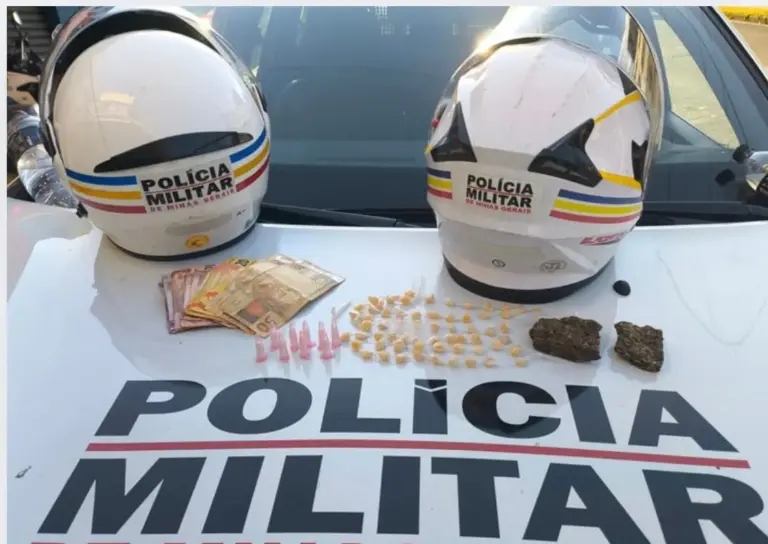 PM apreende drogas e apreende menor no Mirante Santa Rita
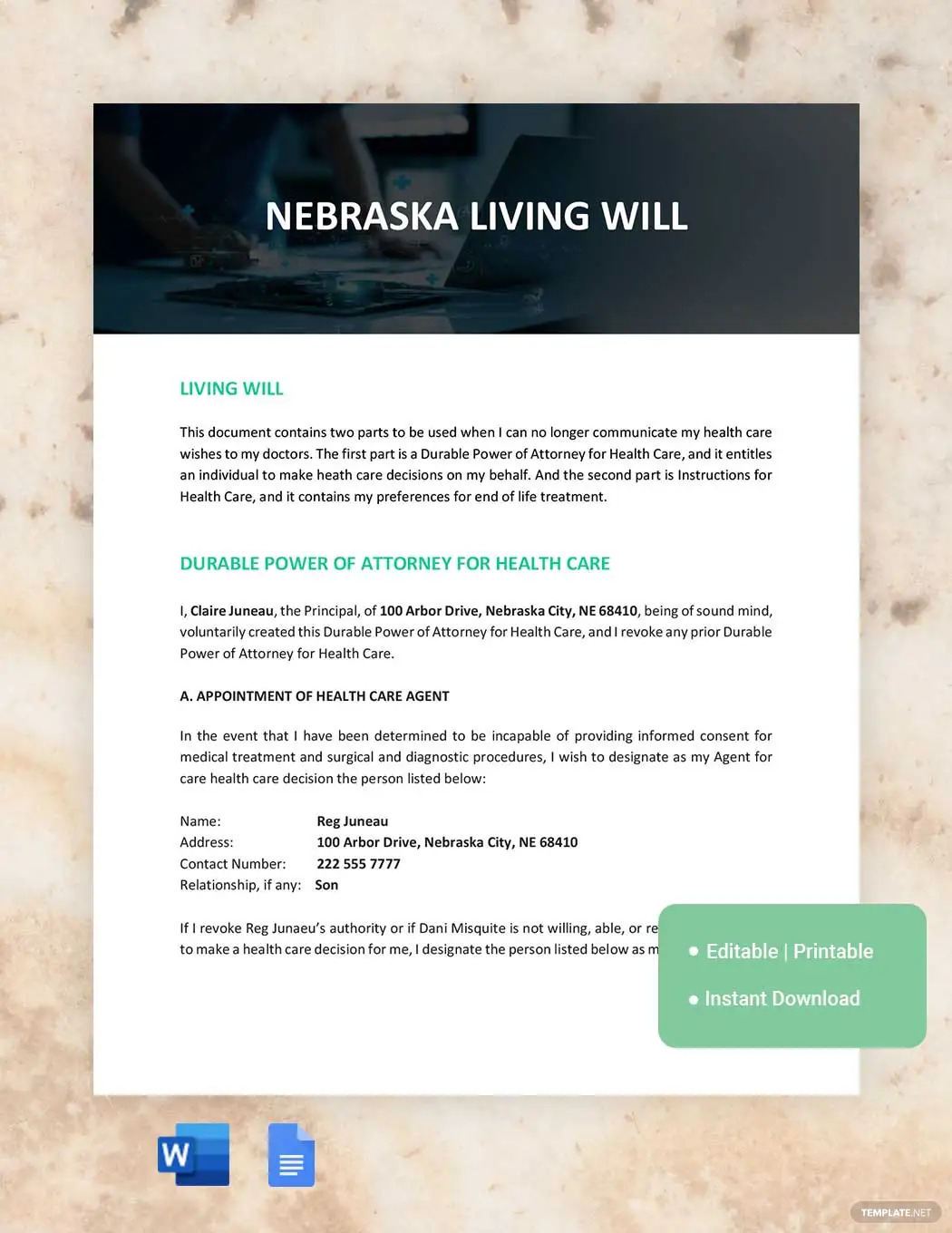Nebraska Living Will Ideas And Examples ?width=550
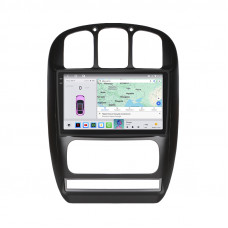 Штатная магнитола Lesko для Chrysler Voyager IV 2000-2004 экран 10" 4/64 QLED CarPlay 4G Wi-Fi GPS 360 Prime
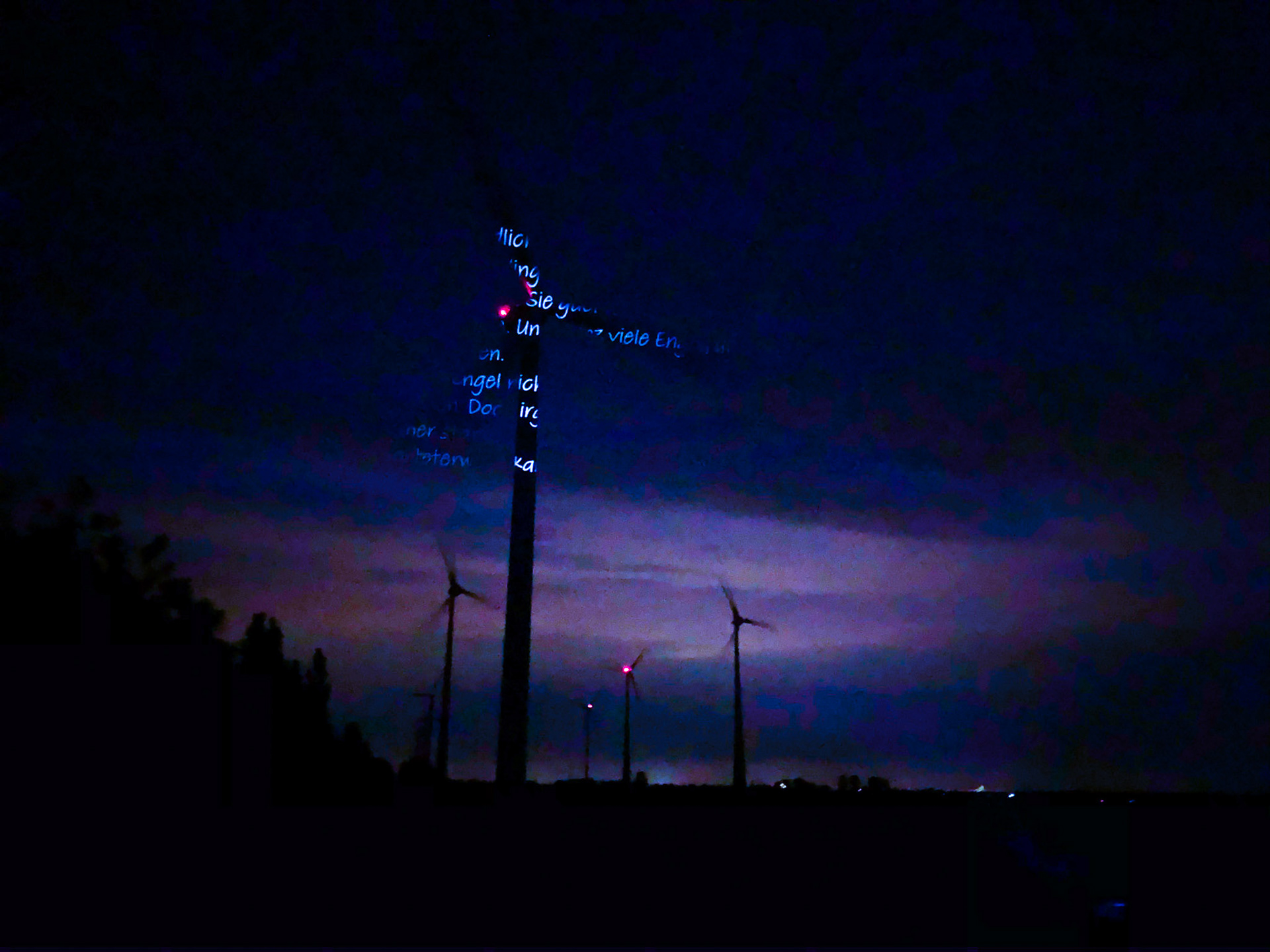 Windpark Pegau "Verschwinden"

REQUIRED ACTION – Give the material again exactly as it is, but keep the pictures out.

OUTPUT OF THE EXERCISE –
 PM apreende drogas e apreende menor no Mirante Santa Rita
Nebraska Living Will Ideas And Examples ?width=550
 Штатная магнитола Lesko для Chrysler Voyager IV 2000-2004 экран 10" 4/64 QLED CarPlay 4G Wi-Fi GPS 360 Prime
 Windpark Pegau "Verschwinden"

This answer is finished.